[PROBLEM DETAILS] Nothing but the lines from the one containing "Activists take part" through the end of the data below may appear in the response, each one exact.

-- DATASET EXTRACT follows --

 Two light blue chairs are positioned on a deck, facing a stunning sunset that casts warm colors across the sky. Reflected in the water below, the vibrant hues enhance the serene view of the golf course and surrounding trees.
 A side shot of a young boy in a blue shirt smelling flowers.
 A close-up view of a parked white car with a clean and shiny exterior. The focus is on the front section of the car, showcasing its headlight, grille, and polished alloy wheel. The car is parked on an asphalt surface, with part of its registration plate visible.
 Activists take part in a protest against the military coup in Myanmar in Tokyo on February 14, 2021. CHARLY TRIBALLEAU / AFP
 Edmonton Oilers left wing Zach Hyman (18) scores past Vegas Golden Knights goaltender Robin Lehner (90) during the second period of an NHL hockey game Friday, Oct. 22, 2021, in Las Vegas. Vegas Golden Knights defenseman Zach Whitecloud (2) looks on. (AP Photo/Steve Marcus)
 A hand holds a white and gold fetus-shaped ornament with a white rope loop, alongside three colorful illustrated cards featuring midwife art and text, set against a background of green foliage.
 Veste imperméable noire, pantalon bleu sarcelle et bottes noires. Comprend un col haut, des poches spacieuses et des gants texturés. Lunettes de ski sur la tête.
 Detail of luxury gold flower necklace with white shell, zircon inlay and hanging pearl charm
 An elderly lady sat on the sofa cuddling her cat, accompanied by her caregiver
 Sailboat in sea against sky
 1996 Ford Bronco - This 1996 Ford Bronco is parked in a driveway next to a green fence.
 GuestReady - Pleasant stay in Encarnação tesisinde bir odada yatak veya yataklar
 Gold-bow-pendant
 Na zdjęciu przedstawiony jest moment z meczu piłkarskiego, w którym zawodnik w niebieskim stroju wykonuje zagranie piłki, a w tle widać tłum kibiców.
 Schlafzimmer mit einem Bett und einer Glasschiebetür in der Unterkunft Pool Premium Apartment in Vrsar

-- DATASET EXTRACT concluded --

[ANSWER AREA]
 Activists take part in a protest against the military coup in Myanmar in Tokyo on February 14, 2021. CHARLY TRIBALLEAU / AFP
 Edmonton Oilers left wing Zach Hyman (18) scores past Vegas Golden Knights goaltender Robin Lehner (90) during the second period of an NHL hockey game Friday, Oct. 22, 2021, in Las Vegas. Vegas Golden Knights defenseman Zach Whitecloud (2) looks on. (AP Photo/Steve Marcus)
 A hand holds a white and gold fetus-shaped ornament with a white rope loop, alongside three colorful illustrated cards featuring midwife art and text, set against a background of green foliage.
 Veste imperméable noire, pantalon bleu sarcelle et bottes noires. Comprend un col haut, des poches spacieuses et des gants texturés. Lunettes de ski sur la tête.
 Detail of luxury gold flower necklace with white shell, zircon inlay and hanging pearl charm
 An elderly lady sat on the sofa cuddling her cat, accompanied by her caregiver
 Sailboat in sea against sky
 1996 Ford Bronco - This 1996 Ford Bronco is parked in a driveway next to a green fence.
 GuestReady - Pleasant stay in Encarnação tesisinde bir odada yatak veya yataklar
 Gold-bow-pendant
 Na zdjęciu przedstawiony jest moment z meczu piłkarskiego, w którym zawodnik w niebieskim stroju wykonuje zagranie piłki, a w tle widać tłum kibiców.
 Schlafzimmer mit einem Bett und einer Glasschiebetür in der Unterkunft Pool Premium Apartment in Vrsar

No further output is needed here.